# DATA EXTRACTS
□ □ □ □ □
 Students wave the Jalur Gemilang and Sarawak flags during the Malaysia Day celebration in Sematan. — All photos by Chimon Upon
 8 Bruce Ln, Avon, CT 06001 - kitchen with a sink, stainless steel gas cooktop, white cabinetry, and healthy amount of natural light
□ □ □ □ □
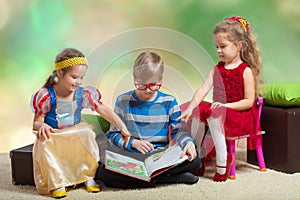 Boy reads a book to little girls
□ □ □ □ □
# HOW TO COMPLETE THIS TASK
Please reproduce, exactly as they appear above, the lines from the line containing "Students wave the" up to and including the line containing "8 Bruce Ln, Avon, CT".

# ANSWER SPACE
 Students wave the Jalur Gemilang and Sarawak flags during the Malaysia Day celebration in Sematan. — All photos by Chimon Upon
 8 Bruce Ln, Avon, CT 06001 - kitchen with a sink, stainless steel gas cooktop, white cabinetry, and healthy amount of natural light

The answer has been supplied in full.